Ya Im debating wether I should get one of these or if I should get the
afghan kush and the colombian gold from world of seeds.  I think qualitys pretty important so Ive been trying to find smoke or grow reports on the 2 pounder and I couldnt find any, and the season for me starts around the middle of april so I need to make a decision. Im doing a gorilla grow so I dont want to have to many plants 

but either way Ill be posting a grow report  :headbang2:


----------



## Joseph James (Mar 22, 2008)

I would love to see some one give these strains a try...

wild thailand
south african kwazulu
afgan kush

these are all pure land race strains :hubba: and feminised.

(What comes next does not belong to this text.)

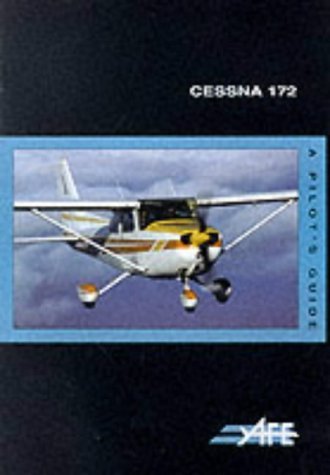Cessna 172: A Pilot's Guide (The pilot's guide series) Business & Technology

That 2 pounder bud looks killer heavy though. ​


----------



## massproducer (Mar 22, 2008)

Just be prepared for a very large plant, like 7 feet or so to get 2 LBS, the big bang especially can get very big like 8-9 feet if you plant it too early.  Keep in mind that these are big sativa's.  If you keep those things in mind you will have a bumper crop this fall.  Keep us updated


----------



## smokybear (Mar 22, 2008)

It would definitely be a massive sativa. I doubt I could sucessfully finish one of those in the region I'm located. Either way, I would love to see a grow journal on one outdoors. Take care.


----------



## massproducer (Mar 22, 2008)

Hey smokey if you have anywhere discreet you could build a small, cheap greenhouse type set up to help control the environment, it will help you plant earlier and harvest later.  Even a cold frame could help.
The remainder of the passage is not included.